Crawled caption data

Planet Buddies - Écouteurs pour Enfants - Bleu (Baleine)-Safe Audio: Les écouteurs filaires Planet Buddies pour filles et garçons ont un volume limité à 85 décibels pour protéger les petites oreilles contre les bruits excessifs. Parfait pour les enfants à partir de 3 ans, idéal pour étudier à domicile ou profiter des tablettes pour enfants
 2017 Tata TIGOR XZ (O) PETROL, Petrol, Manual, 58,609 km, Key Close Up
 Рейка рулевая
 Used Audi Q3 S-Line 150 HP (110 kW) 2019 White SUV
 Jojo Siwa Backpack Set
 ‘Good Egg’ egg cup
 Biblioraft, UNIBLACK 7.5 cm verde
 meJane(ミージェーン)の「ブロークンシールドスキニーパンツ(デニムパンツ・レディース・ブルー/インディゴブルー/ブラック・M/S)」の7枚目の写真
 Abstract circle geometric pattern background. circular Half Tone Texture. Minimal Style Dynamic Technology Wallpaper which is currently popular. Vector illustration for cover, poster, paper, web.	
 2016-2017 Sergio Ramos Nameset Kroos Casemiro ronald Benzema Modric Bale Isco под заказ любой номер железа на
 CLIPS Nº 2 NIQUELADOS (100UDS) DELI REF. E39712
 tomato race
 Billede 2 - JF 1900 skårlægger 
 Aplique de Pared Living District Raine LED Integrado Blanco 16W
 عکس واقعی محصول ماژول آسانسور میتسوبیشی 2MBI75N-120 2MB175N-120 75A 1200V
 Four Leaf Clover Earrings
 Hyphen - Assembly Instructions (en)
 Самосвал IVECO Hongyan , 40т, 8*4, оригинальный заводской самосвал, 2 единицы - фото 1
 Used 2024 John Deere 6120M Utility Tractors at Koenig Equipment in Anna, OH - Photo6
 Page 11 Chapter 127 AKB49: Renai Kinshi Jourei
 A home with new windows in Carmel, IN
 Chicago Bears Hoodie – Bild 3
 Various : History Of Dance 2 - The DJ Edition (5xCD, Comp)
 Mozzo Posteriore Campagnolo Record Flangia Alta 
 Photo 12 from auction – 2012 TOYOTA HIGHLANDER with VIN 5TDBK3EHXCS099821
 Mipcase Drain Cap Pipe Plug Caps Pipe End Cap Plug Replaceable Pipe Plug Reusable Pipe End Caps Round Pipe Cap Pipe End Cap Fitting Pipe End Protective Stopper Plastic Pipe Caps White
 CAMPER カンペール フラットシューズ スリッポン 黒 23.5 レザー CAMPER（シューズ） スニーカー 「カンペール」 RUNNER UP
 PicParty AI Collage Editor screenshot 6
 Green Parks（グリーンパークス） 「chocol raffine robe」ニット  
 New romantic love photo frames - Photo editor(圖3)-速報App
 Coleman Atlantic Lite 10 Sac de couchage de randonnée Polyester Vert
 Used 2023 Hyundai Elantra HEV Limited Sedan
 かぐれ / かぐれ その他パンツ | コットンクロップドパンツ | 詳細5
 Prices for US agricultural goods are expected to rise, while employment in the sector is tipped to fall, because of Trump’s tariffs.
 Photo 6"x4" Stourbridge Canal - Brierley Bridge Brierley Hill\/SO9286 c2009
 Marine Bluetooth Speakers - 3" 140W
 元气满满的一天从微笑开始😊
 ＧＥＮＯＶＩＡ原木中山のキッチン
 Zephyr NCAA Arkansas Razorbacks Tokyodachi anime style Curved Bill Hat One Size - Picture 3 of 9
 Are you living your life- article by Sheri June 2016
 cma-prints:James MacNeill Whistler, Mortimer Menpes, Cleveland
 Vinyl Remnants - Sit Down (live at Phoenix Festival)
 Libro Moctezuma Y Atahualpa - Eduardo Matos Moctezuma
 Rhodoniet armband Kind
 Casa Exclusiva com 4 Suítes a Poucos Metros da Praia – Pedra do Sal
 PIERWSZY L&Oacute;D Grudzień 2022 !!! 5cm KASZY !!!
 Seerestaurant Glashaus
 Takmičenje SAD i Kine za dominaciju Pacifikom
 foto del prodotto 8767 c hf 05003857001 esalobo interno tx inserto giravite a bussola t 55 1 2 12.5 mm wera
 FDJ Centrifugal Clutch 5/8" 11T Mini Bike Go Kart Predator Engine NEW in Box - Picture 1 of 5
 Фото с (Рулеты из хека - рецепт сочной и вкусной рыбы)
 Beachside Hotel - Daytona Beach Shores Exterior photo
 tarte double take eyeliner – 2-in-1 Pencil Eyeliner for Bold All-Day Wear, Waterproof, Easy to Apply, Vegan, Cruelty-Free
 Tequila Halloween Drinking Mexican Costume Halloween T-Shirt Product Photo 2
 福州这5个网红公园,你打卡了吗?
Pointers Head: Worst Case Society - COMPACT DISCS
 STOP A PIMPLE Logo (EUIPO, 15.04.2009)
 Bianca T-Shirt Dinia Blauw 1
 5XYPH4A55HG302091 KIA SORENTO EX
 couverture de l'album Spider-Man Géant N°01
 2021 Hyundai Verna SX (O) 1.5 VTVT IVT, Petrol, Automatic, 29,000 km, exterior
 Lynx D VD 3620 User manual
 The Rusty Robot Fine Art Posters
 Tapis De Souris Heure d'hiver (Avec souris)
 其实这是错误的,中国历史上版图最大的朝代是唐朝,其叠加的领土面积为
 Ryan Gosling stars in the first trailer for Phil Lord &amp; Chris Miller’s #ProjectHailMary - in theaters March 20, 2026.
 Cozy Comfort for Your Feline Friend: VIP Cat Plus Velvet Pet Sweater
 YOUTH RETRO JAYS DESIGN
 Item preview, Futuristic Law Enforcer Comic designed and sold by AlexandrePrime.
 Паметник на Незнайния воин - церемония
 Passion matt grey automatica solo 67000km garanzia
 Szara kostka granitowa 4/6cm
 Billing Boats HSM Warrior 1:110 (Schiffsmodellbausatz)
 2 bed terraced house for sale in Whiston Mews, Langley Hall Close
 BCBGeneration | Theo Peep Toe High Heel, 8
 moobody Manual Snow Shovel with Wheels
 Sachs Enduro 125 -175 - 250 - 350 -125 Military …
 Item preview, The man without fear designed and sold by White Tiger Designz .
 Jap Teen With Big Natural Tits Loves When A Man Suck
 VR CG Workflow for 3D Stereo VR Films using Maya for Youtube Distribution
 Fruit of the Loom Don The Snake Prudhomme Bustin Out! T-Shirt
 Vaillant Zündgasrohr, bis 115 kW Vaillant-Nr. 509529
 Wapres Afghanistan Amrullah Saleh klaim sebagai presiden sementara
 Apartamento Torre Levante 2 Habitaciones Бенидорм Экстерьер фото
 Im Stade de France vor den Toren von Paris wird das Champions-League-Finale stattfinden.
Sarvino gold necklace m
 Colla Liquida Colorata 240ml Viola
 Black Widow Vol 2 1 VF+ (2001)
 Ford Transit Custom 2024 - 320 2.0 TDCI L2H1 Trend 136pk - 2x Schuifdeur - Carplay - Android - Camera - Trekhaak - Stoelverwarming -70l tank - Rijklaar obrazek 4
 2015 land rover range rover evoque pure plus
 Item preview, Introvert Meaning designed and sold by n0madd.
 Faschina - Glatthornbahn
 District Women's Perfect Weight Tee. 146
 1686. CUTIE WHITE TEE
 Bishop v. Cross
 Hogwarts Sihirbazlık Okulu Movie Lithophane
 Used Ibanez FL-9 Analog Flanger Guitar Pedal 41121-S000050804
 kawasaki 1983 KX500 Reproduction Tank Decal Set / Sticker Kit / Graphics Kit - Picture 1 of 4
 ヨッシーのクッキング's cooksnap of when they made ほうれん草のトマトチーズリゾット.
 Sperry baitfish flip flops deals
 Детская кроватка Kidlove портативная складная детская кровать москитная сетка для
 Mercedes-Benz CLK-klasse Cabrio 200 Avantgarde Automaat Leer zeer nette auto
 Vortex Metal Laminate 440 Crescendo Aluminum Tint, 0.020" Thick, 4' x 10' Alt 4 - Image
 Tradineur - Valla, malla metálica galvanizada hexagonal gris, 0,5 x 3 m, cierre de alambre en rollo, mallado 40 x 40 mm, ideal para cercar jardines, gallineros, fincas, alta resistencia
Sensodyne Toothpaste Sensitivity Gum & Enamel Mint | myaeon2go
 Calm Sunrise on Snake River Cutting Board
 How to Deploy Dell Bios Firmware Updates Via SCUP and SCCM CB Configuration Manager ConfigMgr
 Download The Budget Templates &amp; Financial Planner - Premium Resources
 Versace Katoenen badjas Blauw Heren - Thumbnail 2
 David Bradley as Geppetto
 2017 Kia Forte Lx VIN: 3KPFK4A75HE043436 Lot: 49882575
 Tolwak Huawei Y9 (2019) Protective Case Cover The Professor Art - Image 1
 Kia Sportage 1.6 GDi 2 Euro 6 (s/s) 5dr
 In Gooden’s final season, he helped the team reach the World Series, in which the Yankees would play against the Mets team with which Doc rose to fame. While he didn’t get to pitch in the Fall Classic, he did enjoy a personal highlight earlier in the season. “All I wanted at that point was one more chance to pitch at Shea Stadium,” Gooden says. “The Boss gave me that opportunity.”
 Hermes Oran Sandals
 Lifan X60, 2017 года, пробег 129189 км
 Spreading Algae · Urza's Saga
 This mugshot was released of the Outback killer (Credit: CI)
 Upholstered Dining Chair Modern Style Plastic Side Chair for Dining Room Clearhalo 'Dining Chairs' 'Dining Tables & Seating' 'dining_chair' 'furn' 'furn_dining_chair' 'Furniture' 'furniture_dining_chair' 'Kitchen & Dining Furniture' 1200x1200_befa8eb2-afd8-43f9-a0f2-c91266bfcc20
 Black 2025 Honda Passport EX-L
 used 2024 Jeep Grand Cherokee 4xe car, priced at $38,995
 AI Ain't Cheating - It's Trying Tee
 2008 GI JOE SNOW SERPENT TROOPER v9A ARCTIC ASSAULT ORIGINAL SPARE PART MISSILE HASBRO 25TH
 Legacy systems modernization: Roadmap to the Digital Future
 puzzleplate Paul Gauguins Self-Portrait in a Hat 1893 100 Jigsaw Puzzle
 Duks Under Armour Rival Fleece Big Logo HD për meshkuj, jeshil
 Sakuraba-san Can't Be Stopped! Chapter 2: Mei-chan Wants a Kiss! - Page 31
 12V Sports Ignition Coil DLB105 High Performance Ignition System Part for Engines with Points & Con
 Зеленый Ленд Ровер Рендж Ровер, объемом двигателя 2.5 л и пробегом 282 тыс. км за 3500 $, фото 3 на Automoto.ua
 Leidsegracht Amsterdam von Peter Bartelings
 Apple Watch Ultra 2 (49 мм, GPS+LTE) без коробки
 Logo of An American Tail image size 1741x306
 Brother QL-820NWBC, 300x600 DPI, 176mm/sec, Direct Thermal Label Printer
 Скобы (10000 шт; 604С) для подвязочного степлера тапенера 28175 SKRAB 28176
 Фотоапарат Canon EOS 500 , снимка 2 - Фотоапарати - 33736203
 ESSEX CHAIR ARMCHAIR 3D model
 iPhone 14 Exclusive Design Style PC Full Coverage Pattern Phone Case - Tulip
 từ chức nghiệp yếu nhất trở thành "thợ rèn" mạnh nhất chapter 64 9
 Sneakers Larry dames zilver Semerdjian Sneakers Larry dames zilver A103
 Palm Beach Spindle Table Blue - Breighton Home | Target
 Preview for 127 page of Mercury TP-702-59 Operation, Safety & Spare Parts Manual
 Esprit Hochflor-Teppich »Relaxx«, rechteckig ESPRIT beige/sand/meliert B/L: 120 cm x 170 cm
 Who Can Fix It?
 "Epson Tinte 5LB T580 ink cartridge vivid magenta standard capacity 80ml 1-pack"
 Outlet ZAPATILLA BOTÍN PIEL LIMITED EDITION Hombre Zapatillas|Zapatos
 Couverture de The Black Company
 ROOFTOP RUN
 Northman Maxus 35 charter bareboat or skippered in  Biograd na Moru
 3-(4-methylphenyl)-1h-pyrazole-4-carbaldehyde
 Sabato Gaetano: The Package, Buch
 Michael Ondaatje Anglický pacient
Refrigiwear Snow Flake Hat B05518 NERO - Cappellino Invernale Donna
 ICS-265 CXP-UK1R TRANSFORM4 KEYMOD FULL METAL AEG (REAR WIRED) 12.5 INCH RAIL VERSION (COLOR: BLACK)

■ **Exercise objective**
If a line above holds the word "Close", copy it.

■ **Written solution**
 2017 Tata TIGOR XZ (O) PETROL, Petrol, Manual, 58,609 km, Key Close Up
 2 bed terraced house for sale in Whiston Mews, Langley Hall Close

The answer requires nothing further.